_Exercise data_:
—————

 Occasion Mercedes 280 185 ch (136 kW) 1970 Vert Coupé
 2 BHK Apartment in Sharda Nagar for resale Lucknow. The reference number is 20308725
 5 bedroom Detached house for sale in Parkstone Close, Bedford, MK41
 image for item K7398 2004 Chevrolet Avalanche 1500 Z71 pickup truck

—————

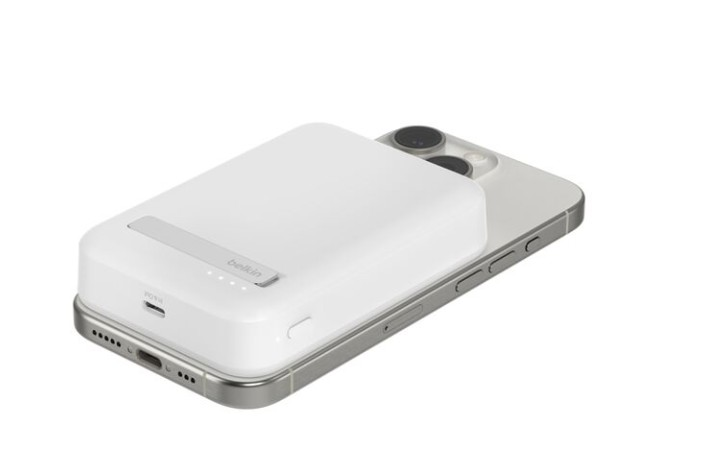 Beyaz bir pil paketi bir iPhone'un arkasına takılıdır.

—————

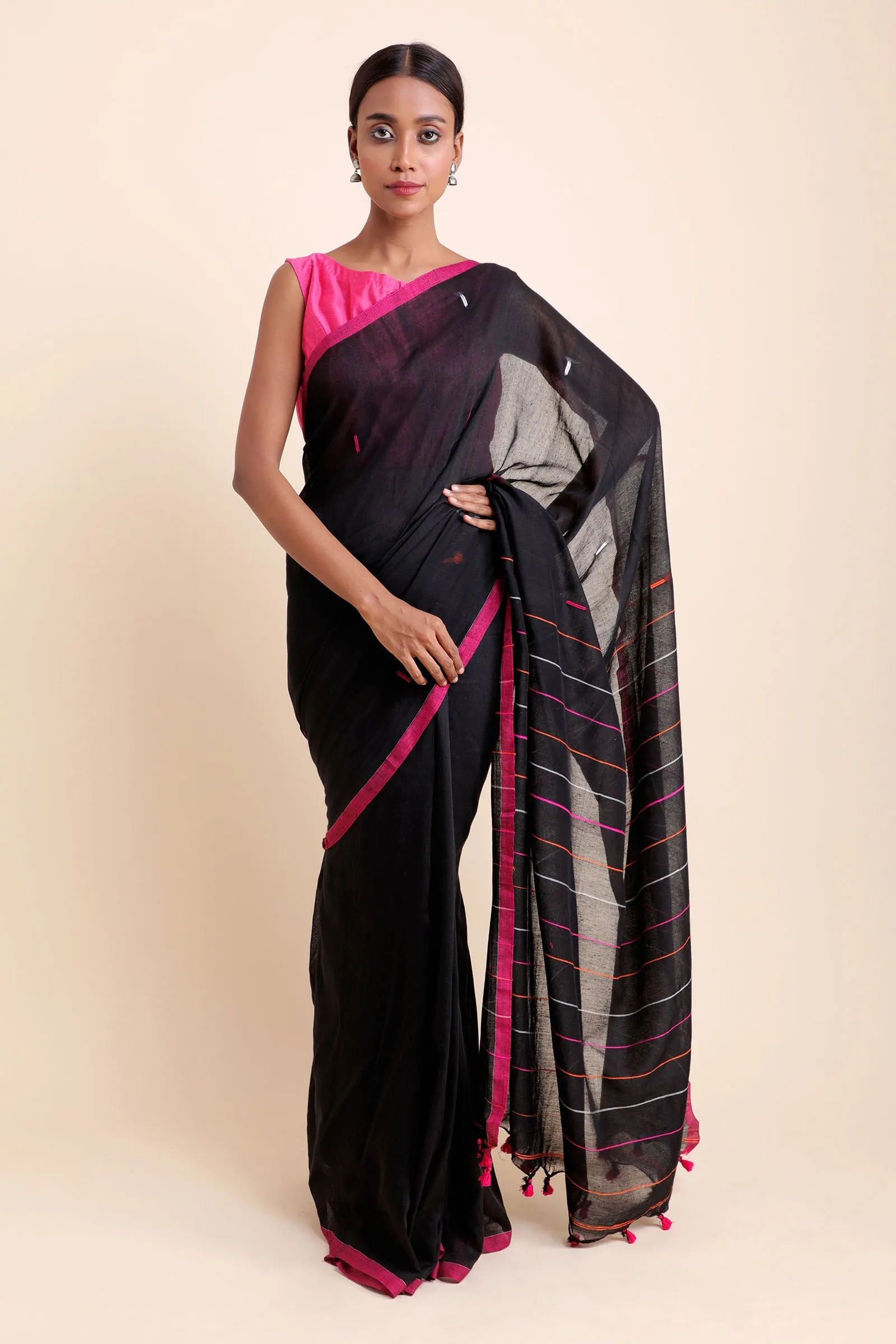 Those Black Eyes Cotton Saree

—————

_What is needed_:
In the material above, locate the line containing "5 bedroom Detached" and the line containing "image for item". Transcribe exactly those two lines and every line between them, and nothing more.

_The completed task_:
 5 bedroom Detached house for sale in Parkstone Close, Bedford, MK41
 image for item K7398 2004 Chevrolet Avalanche 1500 Z71 pickup truck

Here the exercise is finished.